Starting at the line containing "AI-powered flood readiness" and ending at the line containing "Starting Pitcher Rankings 1", transcribe the listing below exactly. Keep both end lines, skip the pictures, and copy nothing else.

:: The data ::

● ● ● ● ●

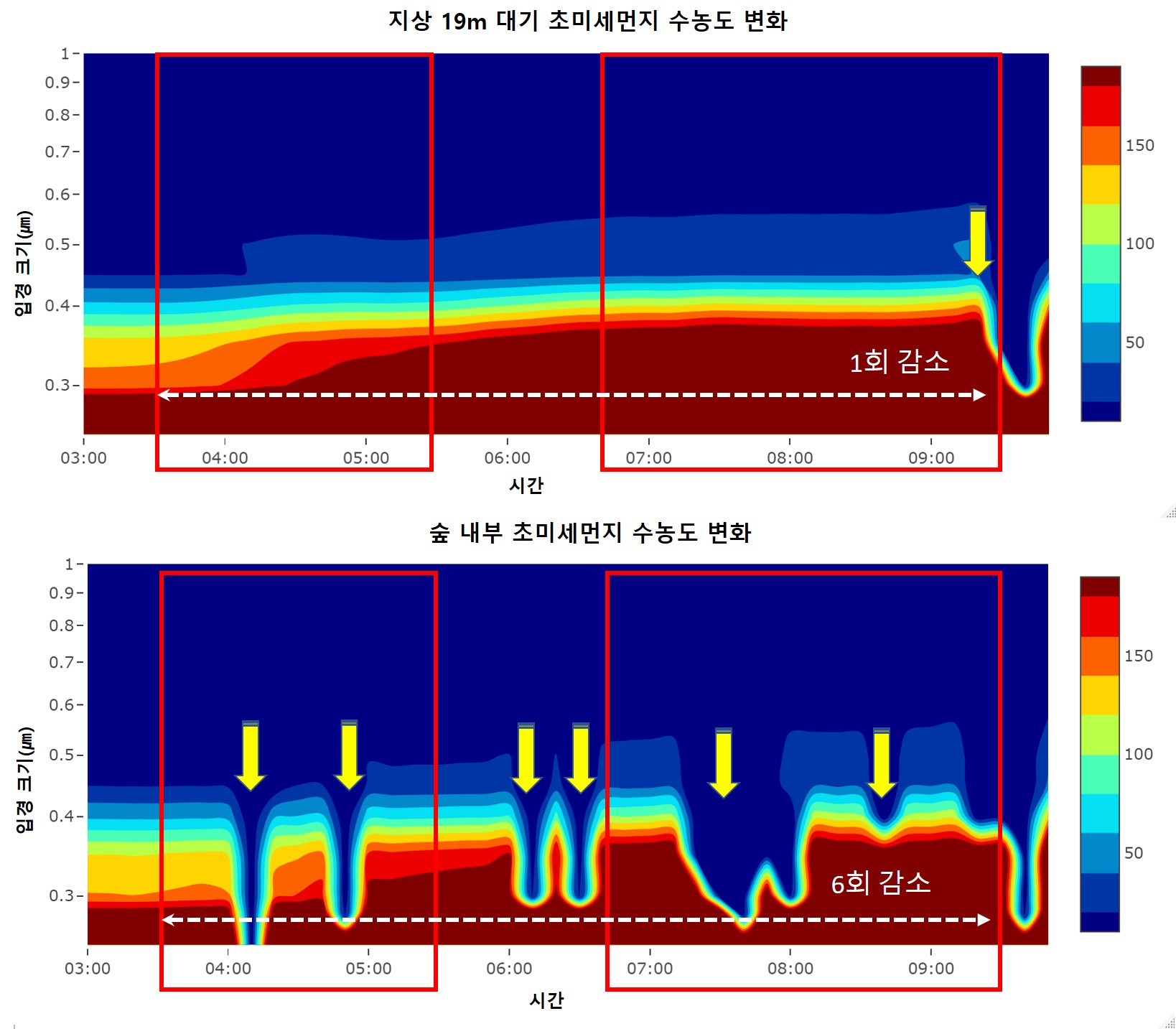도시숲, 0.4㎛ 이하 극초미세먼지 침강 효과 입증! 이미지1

● ● ● ● ●

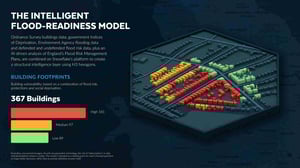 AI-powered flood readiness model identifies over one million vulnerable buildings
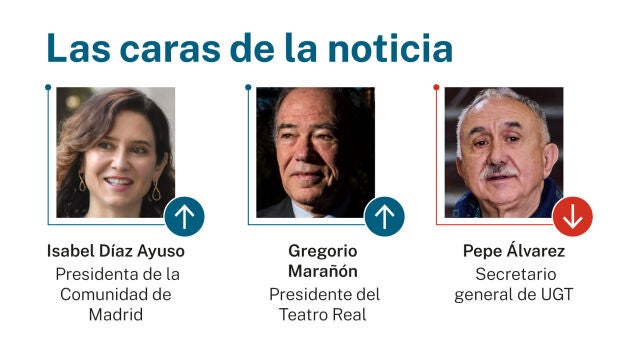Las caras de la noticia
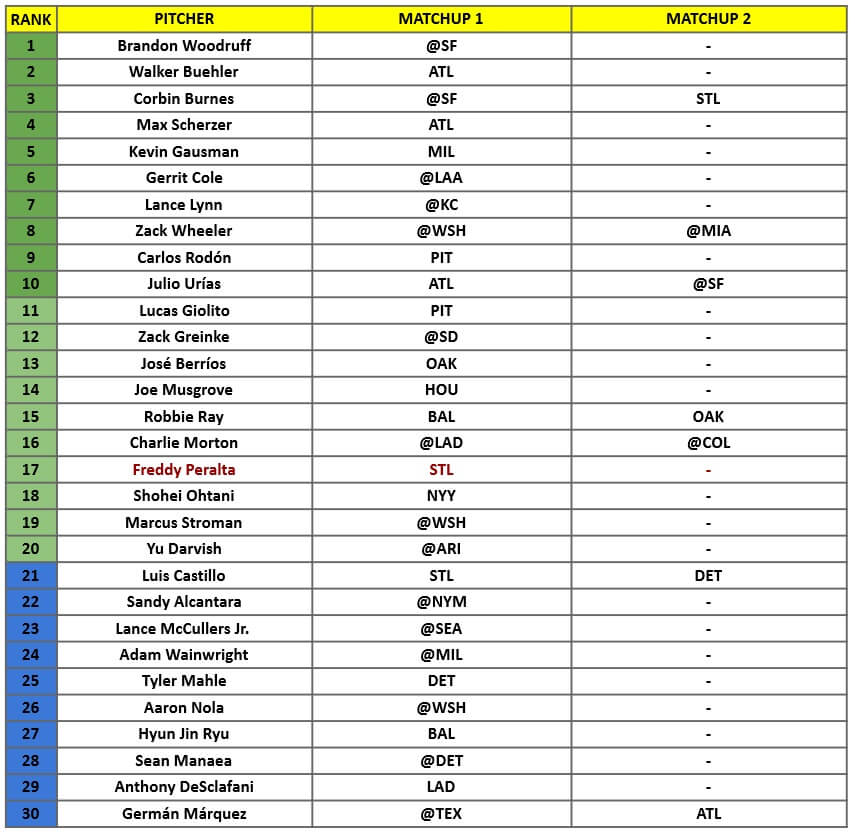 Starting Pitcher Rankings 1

● ● ● ● ●

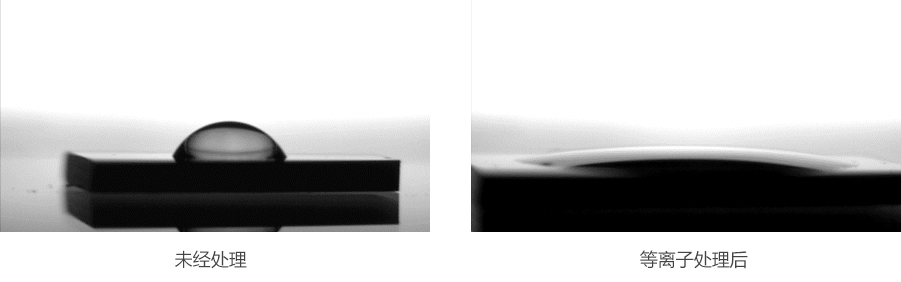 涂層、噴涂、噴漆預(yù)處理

● ● ● ● ●

:: Exercise answer ::
 AI-powered flood readiness model identifies over one million vulnerable buildings
Las caras de la noticia
 Starting Pitcher Rankings 1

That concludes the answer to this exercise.